Monday, 31 December 2018
If you're shopping for a new home, you are likely thinking about how much of a down payment you'll be able to put down.
When it comes time to apply for a mortgage, how should you decide what your down payment should be? When you're making such an important decision, there are a few factors to consider.
The magic number for most down payments is 20 percent. Why? Because those who make a down payment of at least 20 percent will be able to avoid the additional monthly expense of private mortgage insurance (PMI).This type of insurance protects the lender in the event you are not able to make payments.
PMI is usually paid on a monthly basis as part of your mortgage payment. In most cases, PMI is calculated as a percentage of the mortgage loan amount, usually between 0.3 percent and 1.5 percent of the original loan. The price varies based on the size of the borrower's down payment and credit score.
Similarly, borrowers with FHA loans (issued by the Federal Housing Administration) must pay a mortgage insurance premium (MIP) at closing, as well as an annual premium which is collected monthly. With VA loans (issued by the U.S. Department of Veterans Affairs), there will be an upfront funding fee, but no annual or monthly premiums. To understand the cost of these fees, borrowers should contact their lender.
If you have close to 20 percent saved for your down payment, it may make sense to draw on every possible resource to reach that amount.
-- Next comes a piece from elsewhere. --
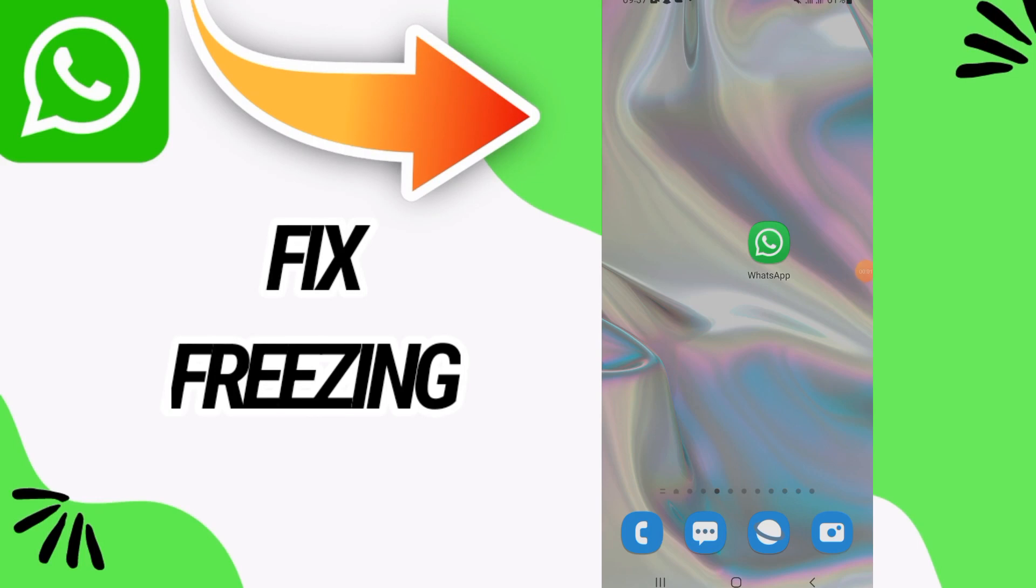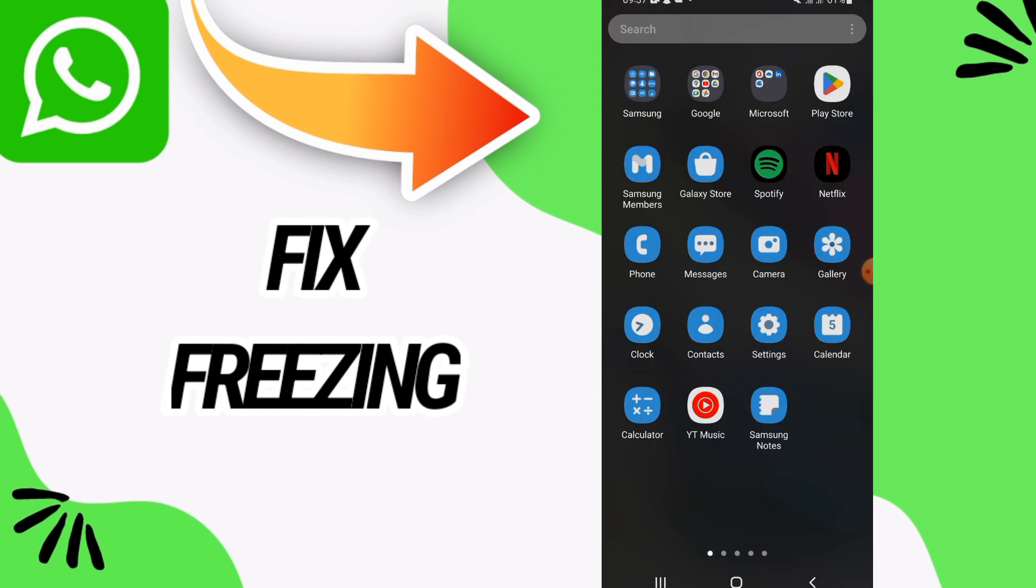How to fix WhatsApp freezing. In this video we talk about how to fix this on your WhatsApp, just watch this video till the end.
Otherwise, you may decide to consider purchasing a less expensive home so you can avoid PMI or delaying your purchase until you have enough money saved.
Should I make a bigger down payment?
In some cases, borrowers may be able to qualify for lower interest rates when they make a down payment of 25 percent to 30 percent of the purchase price. Borrowers should check with their lender to see if lower rates are available for loans with higher down payments.
Another benefit of bulking up the down payment: It will reduce a borrower's monthly payments and interest charges.
That said, paying more than 20 percent down on a home may not be the best option for your situation. For instance, do you have outstanding debts with higher interest rates? You may ultimately save more money by paying down higher interest debt than by bulking up your down payment. Check with a trusted financial or real estate adviser to see what's best for you.
For many prospective borrowers, a 20 percent down payment just isn't possible. But other options may be available to you through both government and conventional loan programs. Some government loan programs require no down payment or mortgage insurance costs.
Most conventional mortgages require PMI if the borrower can't make a 20 percent down payment. But, depending on your line of work, you may qualify for mortgage products designed specifically for certain groups of professionals that require little or no down payment and no PMI.
For instance, many lenders have products created for physicians starting their residency or attorneys fresh out of law school who have joined a firm. These potential borrowers likely carry more school loan debt that an average customer, but they also typically see a dramatic jump in income as their careers advance.
If, however, you don't fit in those categories and are required to purchase PMI with your mortgage, keep in mind that lenders will drop the PMI once your loan balance drops to 78 percent of your home's original appraised value — if you must meet certain requirements such as being current on your payments.
By understanding the costs and benefits associated with your down payment, you can choose the right amount for your needs—potentially saving thousands of dollars over the life of your loan.